MSF Emergency Team arrived at Mozambique; Continued rain may worsen the situation after cyclone

Cyclone Idai has already caused 202 dead in Mozambique, and the actual death toll is likely to be much higher. Team of 6 emergency-experienced MSF staff on the ground in Beira now. MSF sending more of its best emergency-experienced teams to the flood-affected areas.
 
It has continued raining, and flood levels have kept rising in many places. The potential that authorities may have no choice other than to open dams means more flooding can be expected in coming days. We do not criticize this action, as dams bursting would be even worse, but its consequences could be grave. This will certainly lead to more flooding. The need for a massive emergency humanitarian response is now totally beyond any doubt. And that response is starting up.
 
Massive mobilization of MSF’s emergency supply systems. Big orders of medical and non-medical emergency-response essentials are being prepared and will be dispatched as soon as possible to Mozambique - from MSF supply and logistics hubs in Dubai and Belgium.  It is hopeful that MSF's first shipments of supplies – the first of many - will arrive by plane to Beira tomorrow (21 March). Other shipments may be by plane or boat/barge.
 
So far, the emergency team has mostly been assessing and identifying what are the most urgent priority actions. When the supplies arrive, the assistance work can start in earnest.
 
Makeshift roofs will be installed on two health centres in low-income neighbourhoods of Beira in coming days. This will enable them to start functioning again. In one of these centres MSF was providing HIV care before the cyclone hit.
 
We are also planning to convert the MSF HIV consultation mobile to become a general primary healthcare mobile unit. There are two consultations rooms on the truck, and it is able to transport a basic medical pharmacy supply. Using this, in collaboration with the Ministry of Health, we’ll be providing health consultations in informal settlements where people whose houses were destroyed have gathered.
 
We are starting to get a decent picture of the needs in Beira. Beira is a big city, with 80% destroyed after cyclone, so we cannot have a perfect analysis yet of exactly all the needs.  In rural areas, we eagerly await the arrival of further MSF emergency teams as there are almost certainly huge needs in multiple places.
 
Main concerns
 
  1. Safe drinking water. The government has managed to get a generator to Beira which will need to be installed, and should in theory enable the city’s municipal water treatment plant to start functioning again. But the people living in the poorer neighbourhoods are unlikely to have easy access to this municipal water supply, so there’s a real problem in store if they cannot be provided with safe drinking water.

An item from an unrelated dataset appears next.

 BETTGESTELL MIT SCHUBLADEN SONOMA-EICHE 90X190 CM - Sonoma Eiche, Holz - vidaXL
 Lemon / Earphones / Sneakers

  2. Healthcare in general. We’re re-roofing two health centres, but this is a city of 500,000 people, and so much of the healthcare infrastructure was damaged or destroyed that the Ministry of Health is facing a big challenge to get sufficient base-line essential health services running again.

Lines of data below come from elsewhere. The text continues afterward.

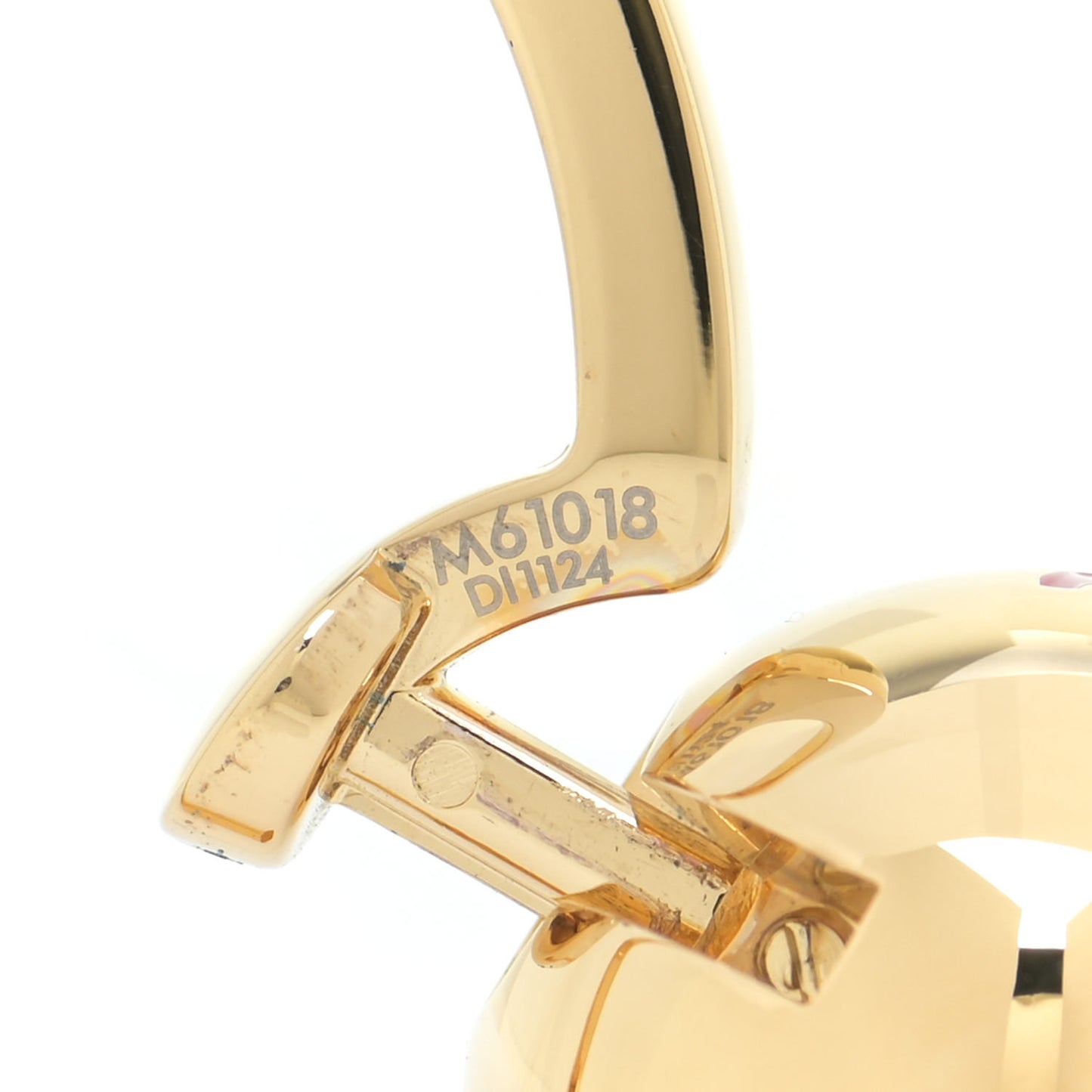 Sphere Key Ring Gold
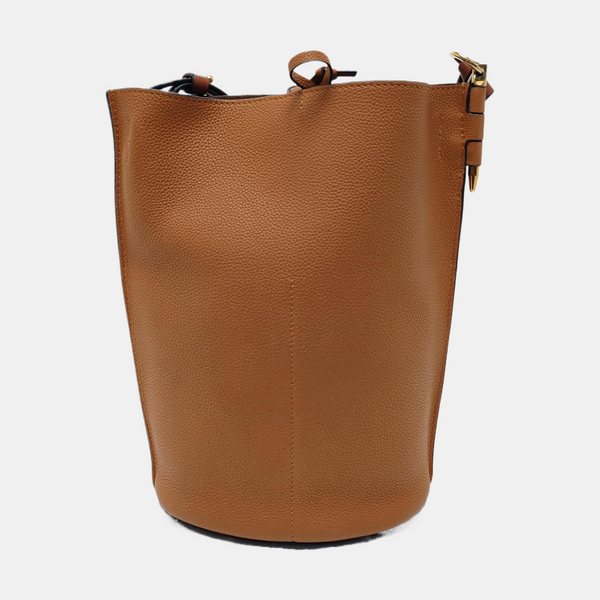 Authenticated pre-owned  Gate Calfskin Brown - Bucket Bag at Looply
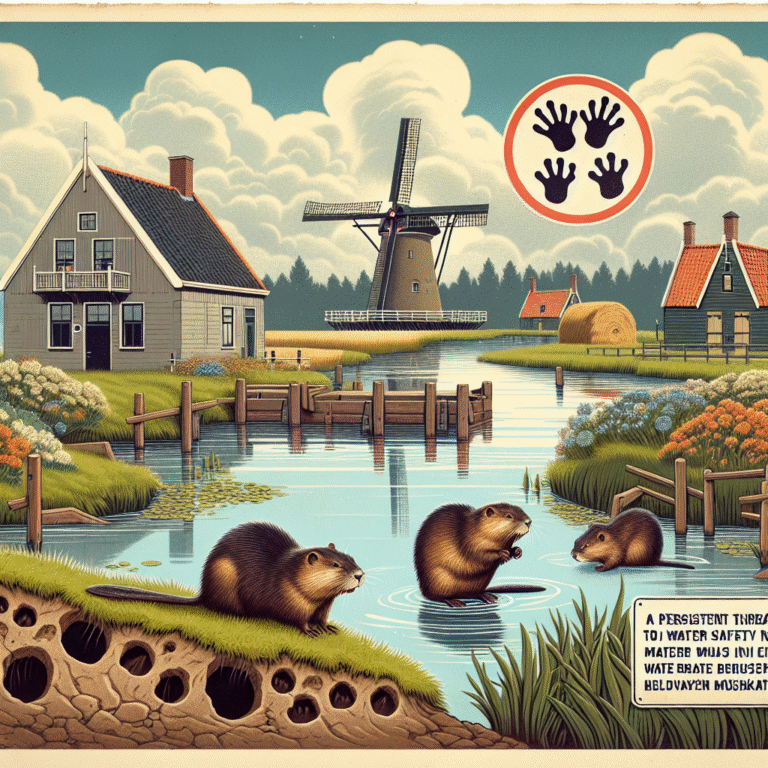 Muskusratten vormen een aanhoudende bedreiging voor de waterveiligheid in Brabant.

  3. In general, access remains a massive challenge for all emergency responders in this disaster zone. Many roads still cut.
  4. If more dams are opened, the scale of potential flooding is frightening.
 
We suspect some areas outside Beira are in a really critical situation. Additional MSF teams will be arriving to see what are the most urgent needs and to launch response activities. We cannot yet say what those will be – too soon to tell.